What you’ll see is a white vertical rectangle surrounded by a yellowish box that contains some buttons. The white rectangle represents the screen area you work in. At the bottom of that screen area is a command line, which starts off with “Welcome to SMALLTALK.”

This environment was created using an original saved image of a running Smalltalk-72 system from 40 years ago. Even though the title says “ALTO Smalltalk-72,” it’s apparently running on a Nova emulator. The Nova was a minicomputer from Data General, which was the original platform Smalltalk was written on at Xerox PARC in the early 1970s. I’m unclear on what the connection is to the Alto’s hardware. You can even look at a Nova assembly monitor display by clicking on the “Show Nova” button, which will show you a disassembly of the machine instructions that the emulator is executing as you use Smalltalk. (To get back to Smalltalk, click on “Show Smalltalk.”) The screen display you see is as it was originally.

Smalltalk-72 is not the first version of Smalltalk, but it comes pretty close. According to Alan Kay’s retelling in “The Early History of Smalltalk,” there was an earlier version (which was the result of a bet he made with his PARC colleagues), but it was rudimentary.

This version does not run like the versions of Smalltalk most people familiar with it have used, which were based on Smalltalk-80. There are no workspace windows (yet), other than the command line interface at the bottom of the screen area, though there is a class editor (which as of this writing I’d say is non-functional). It doesn’t look like there’s a debugger. Anytime an error occurs, a subwindow with an error message pops up (which can be dismissed by pressing ctrl-D). You can still get some things done with the environment. To really get an idea of how to use it you need to click on “Open ST-72 Manual.” This will bring up a PDF of the original Smalltalk-72 documentation.

What you should keep in mind, though, (again, as of this writing) is that some features will not work at all. File functions do not work.
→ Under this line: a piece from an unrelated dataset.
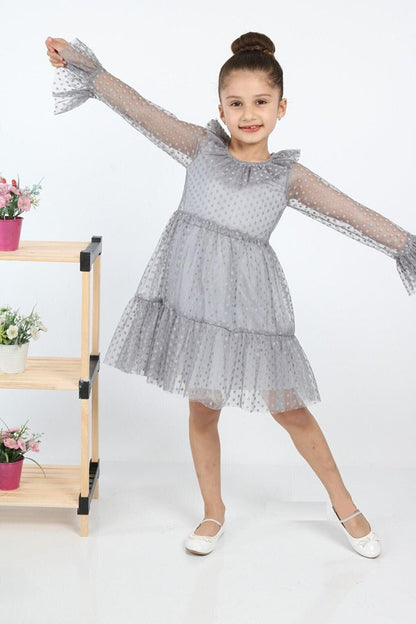 Shine Gray Girl's Dress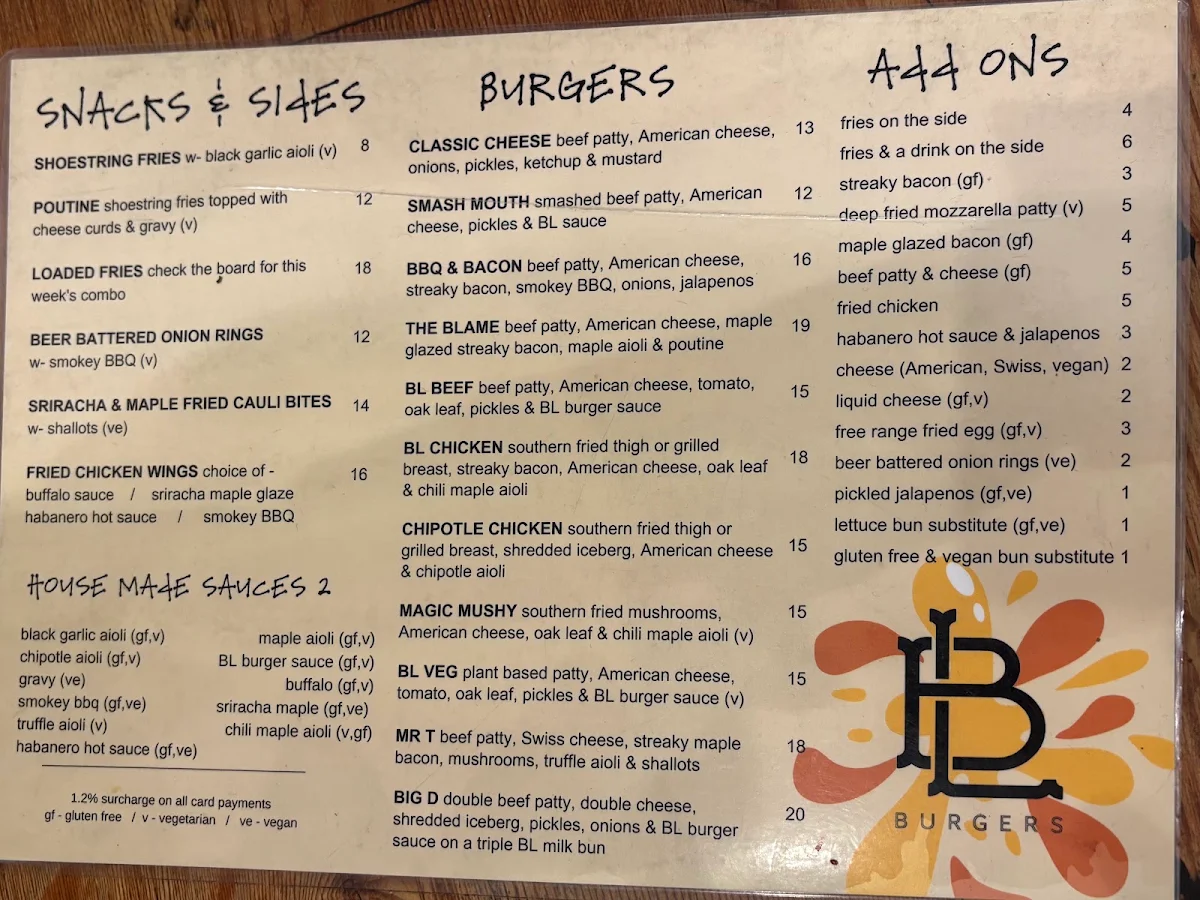 Menu, L B BURGERS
There’s a keystroke the manual calls “‘s”, which is supposed to recall a specified object attribute, such as, for example, “title’s string” to access a variable called “string” out of an object called “title.” (“title” receives “‘s string” as separate messages (“‘s” and “string”), but “‘s” is supposed to be received as a single character, not two, as shown.) I have not been able to find this keystroke on the keyboard, though you can substitute a different message for it (whatever you want to use) inside a class.  The biggest thing missing at this point is that while it can read the mouse pointer’s position, this ST-72 environment does not detect any mouse button presses (the original mouse that was used with it had several mouse buttons). This disables any ability to use the built-in class editor, which makes using ST-72 a chore for anything more than “hello world”-type stuff, because besides adding a method to a class (which is easy to do), it seems the only way to change code inside a class is to erase the class (assign nil to its name), and then completely rewrite it. I also found this made later code examples in the documentation (which got more into sophisticated graphics) impossible to try out, as much as I tried to use keyboard actions to substitute for mouse clicks.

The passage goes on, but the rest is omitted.